Assumptions for a Wilcoxon signed-rank test:
- There is a pair of random variables for each unit of observation
  - this assumption holds: we have variables heard and liver for each country
\
- Dependence within samples
  - this assumption holds: each sample pair represents one country, and the deaths from heart disease or liver disease due to alcohol consumption have a dependency because both come from the same people
\
- Metric scale, in particular both X and Y are both measured on the same metric scale
  - This assumption holds, both heart and liver variables are metric (measured both in deaths per 100,000)
\
- IID across samples. In particular, each pair is drawn from the same distribution, independently from other pairs.
  - This assumption does not hold because there is geographic clustering. Countries that are close to each other typically have similar wine consumption, lifestyles and health conditions, so there is geographic dependency between pairs.
\
- Continuous data (non binary)
  - this assumption holds, data is numeric (int or dbl)
\
- The distribution of the difference $X-Y$ is symmetric around some mean $\mu$
  - As seen below, the shape of differences is approximately symmetric around the mean difference 162.2
\

```{r eval=FALSE, include=FALSE}
hist(df_wine$heart)
hist(df_wine$liver)
```



```{r eval=FALSE, include=FALSE}
p1 <- hist(df_wine$heart)
p2 <- hist(df_wine$liver)
plot(p1, col=rgb(0,0,1,1/4))
plot(p2, col=rgb(1,0,0,1/4), add=T)
```  

```{r}
df_wine <- df_wine %>% mutate(differences = heart - liver)
mean(df_wine$differences)
hist(df_wine$differences)
```
\
To summarize, this test is not appropriate for this problem because  the IID assumption does not hold.

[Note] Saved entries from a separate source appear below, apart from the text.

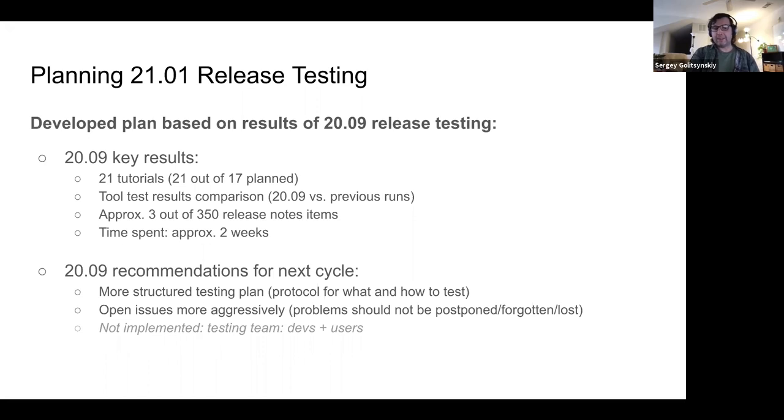There were several recommendations from that release cycle. The three most important were: one, a more structured testing plan with a protocol for what to test, when to open an issue, and when not to; two, open issues more aggressively — previously we'd spend a lot of time identifying whether something was an issue or even jump into fixing bugs, which could take days; and three, mix testing teams with both developers and active Galaxy users, though this last item we were not able to implement this time.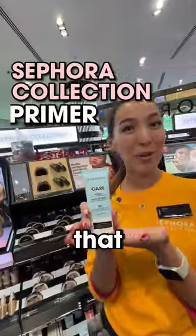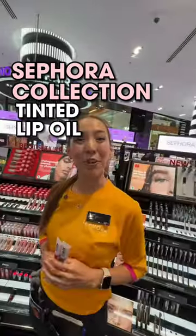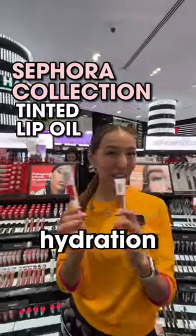Number two is Sephora Collection Primer that gives you 12-hour hydration and locks your makeup. And number three is Sephora Collection Tinted Lip Oil that gives you hydration and shimmer.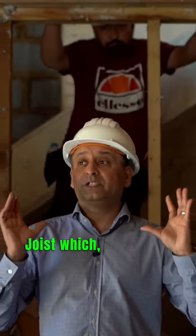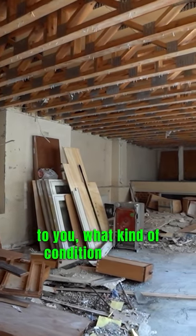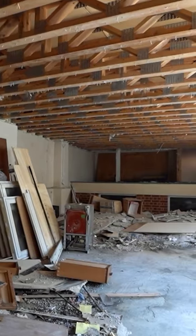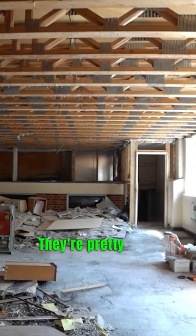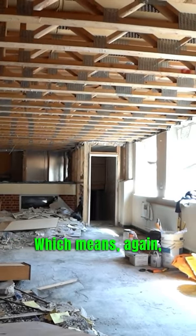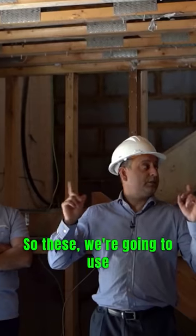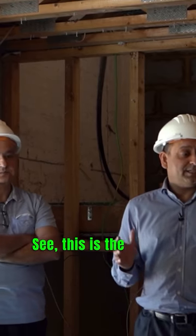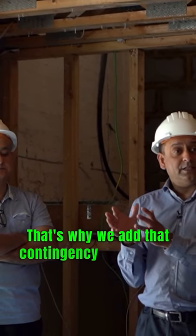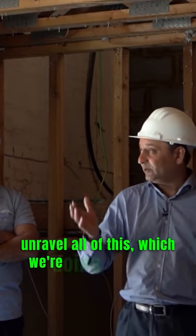We've got engineered open joists — as you can see, how do they look to you? What kind of condition are you seeing? They look okay, quite new — yeah, they're brand new, pretty new. Which means you've saved some margin there. We're going to keep these. They're pretty new, which is very surprising. This is the thing — you never really know, that's why we add that contingency in, because you don't know what you're going to get until you unravel all of this, which we're doing right now.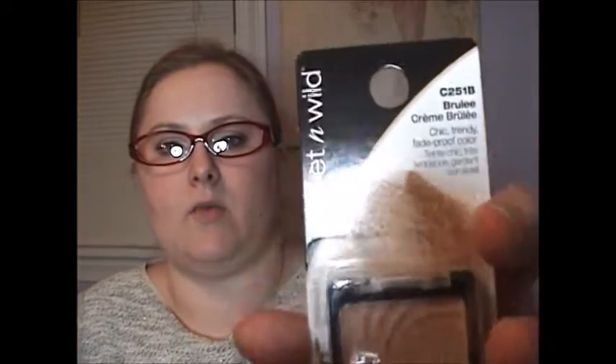Next, I picked up another Wet n Wild Brulee eyeshadow. I already have this one, but I really like the formula and the color, so I decided to pick up another to have on hand — because as soon as I find something I like it seems to disappear. It's great for a base shadow, a highlight, and also as a transition shade.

### Attitudes toward the religious

```{r}
# 1.3.4
df_reli <- read.csv("GSS_religion.csv")
head(df_reli)
```

```{r}
df_p <- hist(df_reli$prottemp)
#plot(df_p, col=rgb(0,0,1,1/4))
```

```{r}
df_c <- hist(df_reli$cathtemp)
#plot(df_c, col=rgb(1,0,0,1/4), add=T)
```

Assumptions for the paired t-test:
- Metric scale
  - This assumption does not hold. The feeling thermometer is not metric, but just ordinal.
\
- IID data.
\
  - We can safely consider that GSS sampling is IID.There is a finite-sample effect because there is no replacement once a person has been surveyed (so the distribution for the next draw changes), but the change is likely to be small given the large number of Americans. Overall, GSS data is IID.
\
- The distribution of the difference between measurements has no major deviations from normality, given the sample size. In particular, for large sample sizes the test is invalid for highly skewed distributions.
\
  - We have a sample of 802 pairs, so we check for high skew. This is a large sample size, and the plots shown above indicate no significant skew, so we can consider this assumption holds.
\
Overall though, this test is not appropriate because the metric scale assumption does not hold.